Bachmann 'Leaks' Information Provided In Magazine Article

UPDATE:

Looks like Bachmann was simply an astute reader of The Atlantic, which reported on the figures in a recent article by Jeffrey Goldberg and Marc Ambinder.

Like many statements made by Pakistan’s current leaders, this one contained large elements of deceit. At least six facilities widely believed to be associated with Pakistan’s nuclear program have already been targeted by militants. In November 2007, a suicide bomber attacked a bus carrying workers to the Sargodha air base, which is believed to house nuclear weapons; the following month, a school bus was attacked outside Kamra air base, which may also serve as a nuclear storage site; in August 2008, Pakistani Taliban suicide bombers attacked what experts believe to be the country’s main nuclear-weapons-assembly depot in Wah cantonment. If jihadists are looking to raid a nuclear facility, they have a wide selection of targets: Pakistan is very secretive about the locations of its nuclear facilities, but satellite imagery and other sources suggest that there are at least 15 sites across Pakistan at which jihadists could find warheads or other nuclear materials.

She even borrowed "too nuclear to fail," a description that Stephen P. Cohen, the Pakistan analyst at Brookings, gave the magazine.

EARLIER:

In discussing Pakistan during Tuesday night's GOP presidential debate on foreign policy, Rep. Michele Bachmann (R-Minn.), a member of the House Intelligence Committee, employed some information that was either false, or that had not yet been released to the public, National Journal reports.

It began with Bachmann and Texas Governor Rick Perry locking horns over foreign aid to Pakistan on the Washington D.C. stage. Perry claimed that the United States should stop subsidizing a country that he said had proven it didn't have our best interests in mind. Bachmann countered, claiming that Pakistan had already weathered attempts by extremists to take control of the nation's nuclear facilities, and that cutting off aid could leave it even more vulnerable. Perry was "naive" and Pakistan was simply "too nuclear to fail," she concluded.

But as Bachmann knows herself, the devil is in the details, which according to her are specifically that Pakistan controls a total of 15 nuclear sites that have been targeted six separate times.
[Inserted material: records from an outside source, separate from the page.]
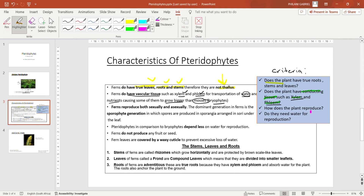The third question is: how does the plant reproduce? Ferns reproduce both sexually and asexually. Sexual reproduction involves a fusion of two gametes, while asexual reproduction means that they can reproduce on their own. The dominant generation in ferns or pteridophytes is the sporophyte generation. The sporophyte generation is the one that produces spores, which are just like seeds. They develop in what we call the sporangia, and the wind disperses them into the ground where they start growing into a plant.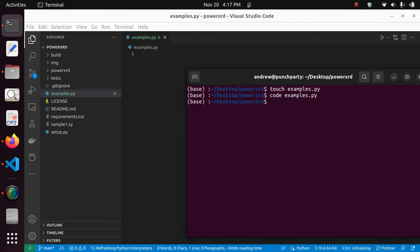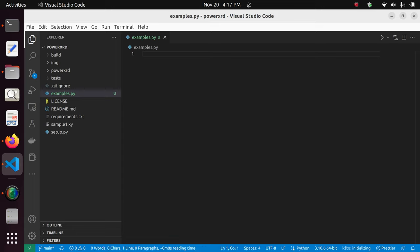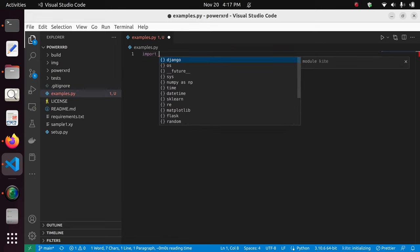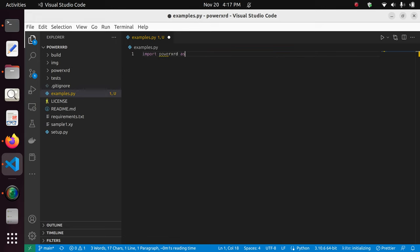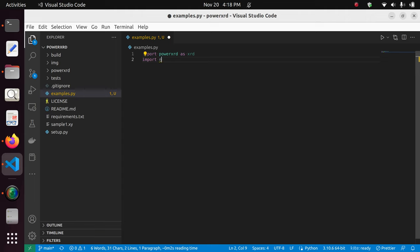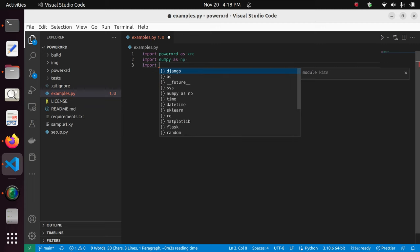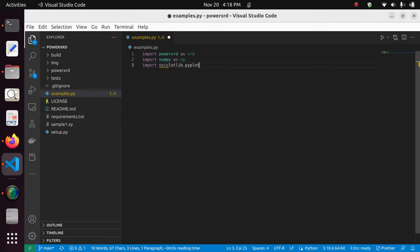We start with importing PowerXRD and giving it the alias XRD. We'll also be using NumPy with alias np, and we'll do some plotting, so we import matplotlib.pyplot with alias plt. That's basically what you'll start with.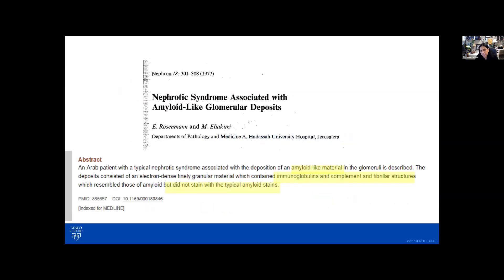The very first description of this entity, Fibrillary Glomerulonephritis, was in a publication in 1977, where it was described by Rosenman and Aliakim in a woman, an Arabic patient who had nephrotic syndrome, and the description was of amyloid-like material in the glomeruli. The material stained with immunoglobulins and complement, and on ultrastructural evaluation had fibrillary substructure. But unlike amyloid, it did not stain with the typical amyloid stains, which is Congo red. That was the very first description of fibrillary glomerulonephritis.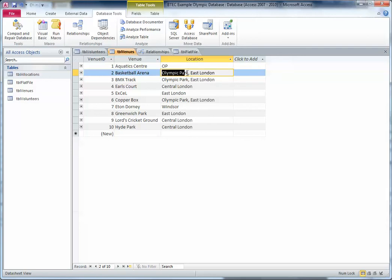So I just store 'Olympic Park East London' in one place and one place only, and just use the ID to link it to the right venue. That's just a little bit of extension, but those are the main reasons why a relational database is much better than a flat file database.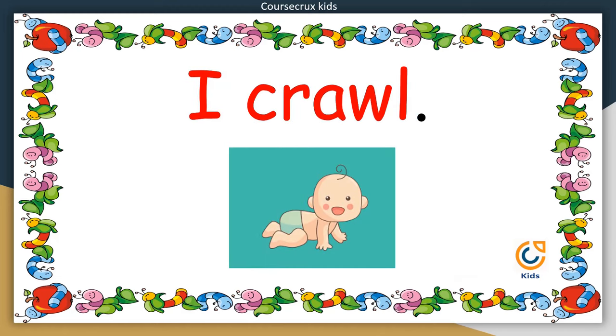I crawl. मैं घुटनों के बल चलता हूं. Your turn now.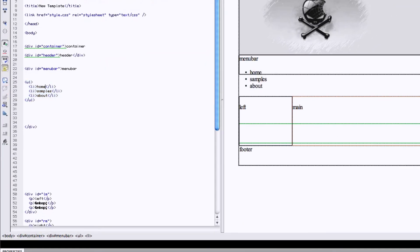When we refresh, you can see the bullets — home, samples, about — stacked with bullet points. So we have to go into the stylesheet now and tell this not to list up and down with bullets. What we're going to tell it is to list inline and display none, which will take the bullets away and straighten the words out.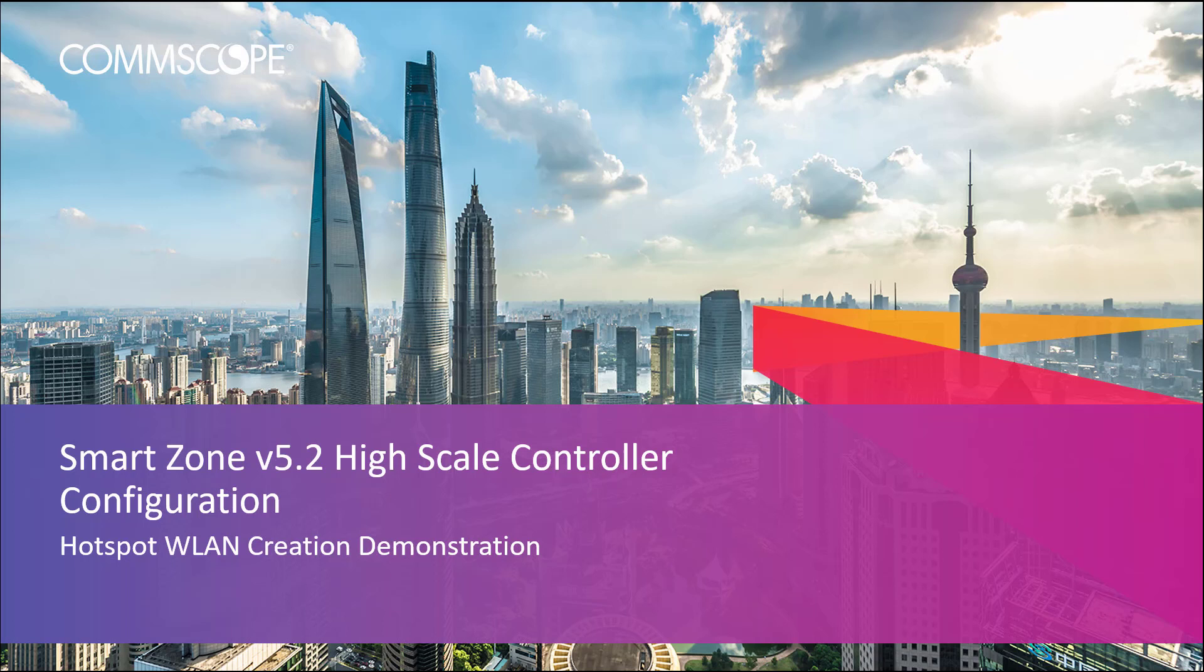Welcome to the demonstration series for the SmartZone controller based on a high scale deployment of the 5.2 SmartZone release. The videos in this series will show you the basic configuration of many aspects of the controller. In this video I will provide a demonstration on configuring a wireless LAN service using a hotspot whisper portal with the walled garden in the SmartZone controller.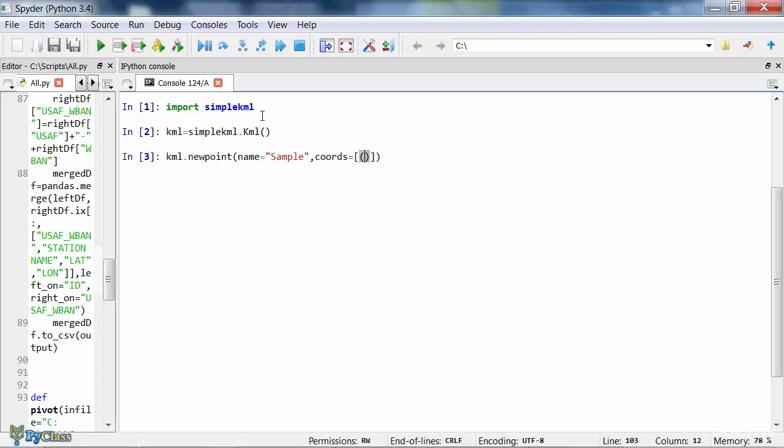The coords parameter gets a list, so make sure to use square brackets and then write the longitude and latitude inside the regular brackets. I'm just passing some random longitude and latitude values here. I don't know where they will point me.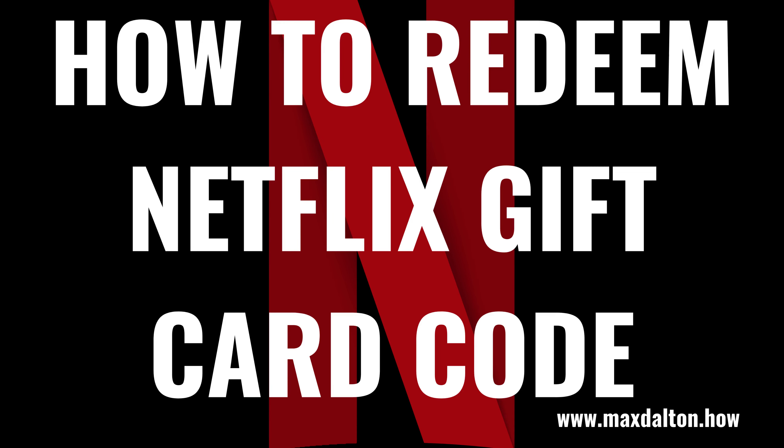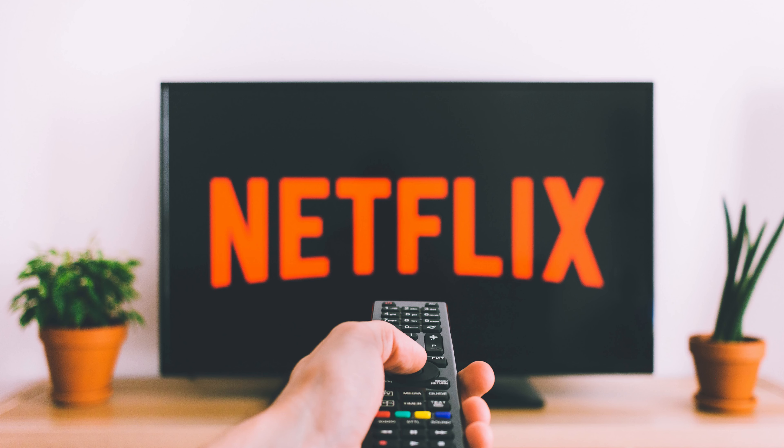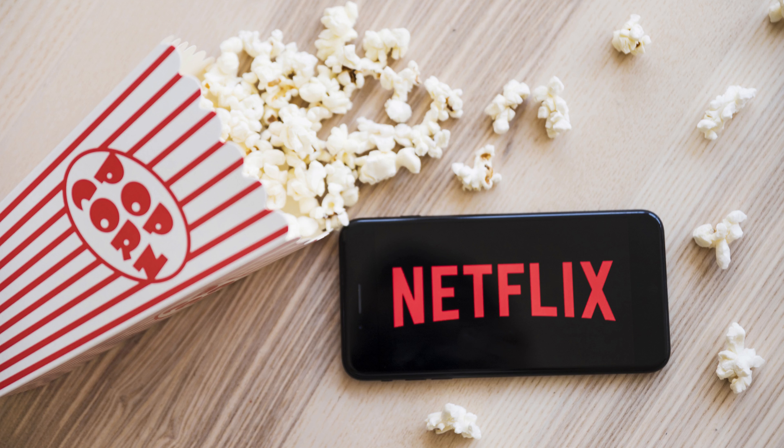What's up, everyone. I'm Max Dalton, and in this video I'll show you how to redeem a Netflix gift card code. Getting a Netflix gift card lets you get plugged into the streaming service if you're not already subscribed, or to let someone else pay for a few months of the streaming service for you. Redeeming a Netflix gift card code you received can be done with a few simple clicks.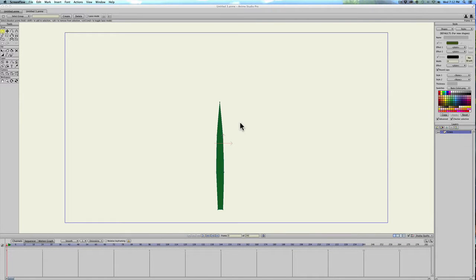Hey guys, this is going to be another really quick tutorial on how to make animated grass in Anime Studio.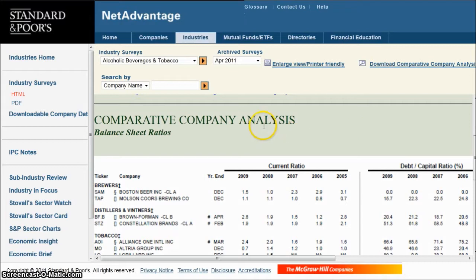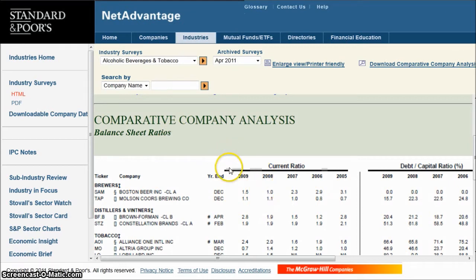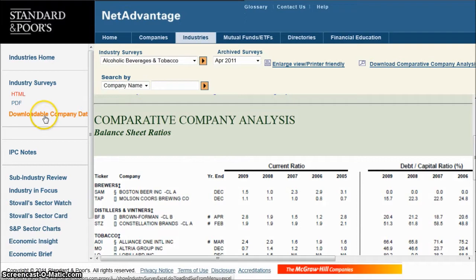If you've ever looked at a Standard & Poor's industry survey and seen all of this different kind of data and wished you could download it, well now you can. All you have to do is go over and click on Downloadable Company Data in the list on the left-hand side.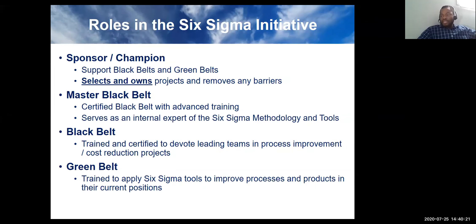We're back. The last slide talks about the roles in a Six Sigma initiative. We'll cover this in about three minutes and then move to the next phase. Can everyone hear me? Yes, clearly. Zoom has its way of limiting us to 40 minutes, but glad we got over that and can continue.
Yochi J. Dreazen at National Journal:

U.S. intelligence and military officials believe that Pakistan has 15 nuclear sites, but no U.S. official has publicly said that all of the sites were vulnerable to militant attack or confirmed that any of them had previously come under any form of jihadist attack.

Of course, that doesn't necessarily mean that Bachmann's intel is accurate, but if it is, she was reportedly the first one to inform the public, perhaps constituting a leak of classified information on broadcast television.